Sunday, August 30, 2009

Finally.

After quite the wait, i got a pic for my blog. Nothing spectacular but gives you something. Something is better than nothing! Yew!


Any way. Here is the deal. Jerry and I have decided to extend our stay in Australia untill April 2010. We came for 3 months, stay for 10. Long, i know, but oh so worth it. We have a few plans up our sleves, and all will be revealed in due time.
Right now I am sitting in the emerald shop, after working the whole day, every day since Thursday, and I shall be working every day untill this coming Thursday. Maybe hit Mona Pub on Thursday night, then on friday at 5 in the arvo, we are off to Bali for 2 weeks! Frothing! Accompanying us there in Bali are the local Nulla boys including Sully, Rosco and Big Rich! Big Rich will be filming our Indo experience, so hopefully we'll get some sick ass footage.

Tuesday, August 18, 2009

Cronulla

Cronulla is the place to be!
We have been lucky enough to been welcomed into Dessie's humble abode, about 300m from the Island. For those of you who dont know Des is the owner of Emerald Surf City, a bodyboard shop in Cronulla who sponsors the Island contest each year. Des and his girlfriend Lauren, have been feeding us well, showing us a good time and taking us surfing. We have also been cruising with the Emerald crew, Sully, Ros, Mitch, Big Rich, Beaver and plenty of the frothing Nulla groms, its been really sick and we've had some really sweet sessions.
For those of you who don't know or don't follow Frothspot(Jared Houston's blog), i suggest you go and check it out here. For those of you who do follow Jerry's blog you would have noticed a few shots of him at pumping Island. I unfortunately missed out that day due to work commitments, but the next day was on. We got up early and went to check out Cape(AKA. Cape Fear, Cape Solander, Ours, Queer lefts and many more). We rocked up and decided to surf this left and paddled out. We scored some sick barrels for about and hour or 2 untill we heard a few whistles and a voice shout, "Oi, get outta the water ya maggots!". We paddled out pretty darn fast and got straight into the car and drove off. Close Call! We headed straight back to the island which was about 4-6ft but still pretty low. We ate a bit and when the tide was high enough, we were out there. Jerry was up to his usual antics and flying high all over the place! I was trying to pick off the good ones from the peak, but I somehow kept choosing closeouts? got some mad props for it though! Day was over, job was done.
A couple days later, a few nights out happened with the boys, and this was followed by and early morning down south, in hope to catch a sneaky swell. Sully, Mitch, Jerry and myself rocked up at Nuggen car park, after trying to drive the track down which failed miserably with us pushing Sully's car out and his car now sounding like a tractor. Walked to Nugs to see no one out! Perfect. We were out there and Mitch sat on the rocks shooting untill the tide was too high. Hopefully some shots will follow soon!
The next few days looks pathetic in terms of waves, but I'll be taking full advantage of this and working my ass off! Manual labour pays so well here!
PS. Well done to Jerry on his second cover. Check it out on his blog and support our sport, go out and buy the issue, or better yet, subscribe.

Tuesday, August 11, 2009

Man oh man

So the past few weeks or so I have been suuuuuuuuper slack in making post. I do apologize. I have a good excuse, sorta! I dont have a camera anymore, so posts with out photos look plain and stuff off boring. None the less, i shall give you a brief run down on the past few weeks.

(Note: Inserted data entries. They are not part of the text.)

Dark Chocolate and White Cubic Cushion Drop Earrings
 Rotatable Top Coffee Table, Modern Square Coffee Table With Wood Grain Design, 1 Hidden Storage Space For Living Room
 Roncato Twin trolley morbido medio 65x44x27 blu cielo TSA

+ Slept on Narrabeen beach - bloody freezing
+ Worked like a peck - bloody tiring
+ Worked more and more, and also have more work lining up, which means money, which means living large and coming home with cash money. Boom!
+ Surfed a few times - namely, the island, (all the Nulla groms froth on travelling boogers, so we got pretty much any wave we wanted - perfect), suck rock, seconds left and also Cronulla main beach.
+ We surfed a contest, got knocked first round - lesson to be learned, stay sober the night before any contest
+ waves are here today, pumping waves, I've been hearing stories all day about how good they were. the reason for me only hearing the stories is because i was working, like a peck, again!
+ tomorrow looks good - no work, good waves! Too amped!